→ Records supplied:

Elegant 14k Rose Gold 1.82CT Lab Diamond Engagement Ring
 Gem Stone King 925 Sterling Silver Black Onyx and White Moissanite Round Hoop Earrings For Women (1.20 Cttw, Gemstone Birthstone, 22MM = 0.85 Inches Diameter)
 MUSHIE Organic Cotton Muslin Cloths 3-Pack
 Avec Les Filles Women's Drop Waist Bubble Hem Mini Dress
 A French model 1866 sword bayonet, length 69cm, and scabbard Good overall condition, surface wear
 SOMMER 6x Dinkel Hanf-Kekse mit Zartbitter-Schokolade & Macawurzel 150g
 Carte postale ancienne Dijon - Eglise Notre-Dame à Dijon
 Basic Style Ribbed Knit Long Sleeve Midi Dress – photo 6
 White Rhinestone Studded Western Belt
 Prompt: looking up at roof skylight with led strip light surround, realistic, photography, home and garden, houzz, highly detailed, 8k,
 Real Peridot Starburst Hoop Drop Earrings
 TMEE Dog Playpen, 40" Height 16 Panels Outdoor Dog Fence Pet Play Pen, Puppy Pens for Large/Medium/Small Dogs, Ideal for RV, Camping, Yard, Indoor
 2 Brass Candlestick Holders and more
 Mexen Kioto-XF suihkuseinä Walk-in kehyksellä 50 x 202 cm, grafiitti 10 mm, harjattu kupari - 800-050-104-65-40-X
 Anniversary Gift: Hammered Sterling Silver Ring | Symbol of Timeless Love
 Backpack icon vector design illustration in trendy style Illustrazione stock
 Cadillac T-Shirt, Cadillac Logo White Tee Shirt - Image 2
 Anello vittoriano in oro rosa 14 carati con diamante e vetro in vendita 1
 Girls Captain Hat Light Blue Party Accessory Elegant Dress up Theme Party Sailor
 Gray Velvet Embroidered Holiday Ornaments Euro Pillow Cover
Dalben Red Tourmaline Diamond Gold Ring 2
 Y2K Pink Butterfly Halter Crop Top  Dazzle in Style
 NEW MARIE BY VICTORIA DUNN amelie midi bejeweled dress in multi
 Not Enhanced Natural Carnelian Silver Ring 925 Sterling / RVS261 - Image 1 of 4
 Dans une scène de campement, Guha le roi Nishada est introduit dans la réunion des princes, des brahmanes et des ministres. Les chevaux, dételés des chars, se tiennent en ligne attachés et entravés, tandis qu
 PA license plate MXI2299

→ What you will do:
The entries above must each be repeated exactly.

→ Task result:
Elegant 14k Rose Gold 1.82CT Lab Diamond Engagement Ring
 Gem Stone King 925 Sterling Silver Black Onyx and White Moissanite Round Hoop Earrings For Women (1.20 Cttw, Gemstone Birthstone, 22MM = 0.85 Inches Diameter)
 MUSHIE Organic Cotton Muslin Cloths 3-Pack
 Avec Les Filles Women's Drop Waist Bubble Hem Mini Dress
 A French model 1866 sword bayonet, length 69cm, and scabbard Good overall condition, surface wear
 SOMMER 6x Dinkel Hanf-Kekse mit Zartbitter-Schokolade & Macawurzel 150g
 Carte postale ancienne Dijon - Eglise Notre-Dame à Dijon
 Basic Style Ribbed Knit Long Sleeve Midi Dress – photo 6
 White Rhinestone Studded Western Belt
 Prompt: looking up at roof skylight with led strip light surround, realistic, photography, home and garden, houzz, highly detailed, 8k,
 Real Peridot Starburst Hoop Drop Earrings
 TMEE Dog Playpen, 40" Height 16 Panels Outdoor Dog Fence Pet Play Pen, Puppy Pens for Large/Medium/Small Dogs, Ideal for RV, Camping, Yard, Indoor
 2 Brass Candlestick Holders and more
 Mexen Kioto-XF suihkuseinä Walk-in kehyksellä 50 x 202 cm, grafiitti 10 mm, harjattu kupari - 800-050-104-65-40-X
 Anniversary Gift: Hammered Sterling Silver Ring | Symbol of Timeless Love
 Backpack icon vector design illustration in trendy style Illustrazione stock
 Cadillac T-Shirt, Cadillac Logo White Tee Shirt - Image 2
 Anello vittoriano in oro rosa 14 carati con diamante e vetro in vendita 1
 Girls Captain Hat Light Blue Party Accessory Elegant Dress up Theme Party Sailor
 Gray Velvet Embroidered Holiday Ornaments Euro Pillow Cover
Dalben Red Tourmaline Diamond Gold Ring 2
 Y2K Pink Butterfly Halter Crop Top  Dazzle in Style
 NEW MARIE BY VICTORIA DUNN amelie midi bejeweled dress in multi
 Not Enhanced Natural Carnelian Silver Ring 925 Sterling / RVS261 - Image 1 of 4
 Dans une scène de campement, Guha le roi Nishada est introduit dans la réunion des princes, des brahmanes et des ministres. Les chevaux, dételés des chars, se tiennent en ligne attachés et entravés, tandis qu
 PA license plate MXI2299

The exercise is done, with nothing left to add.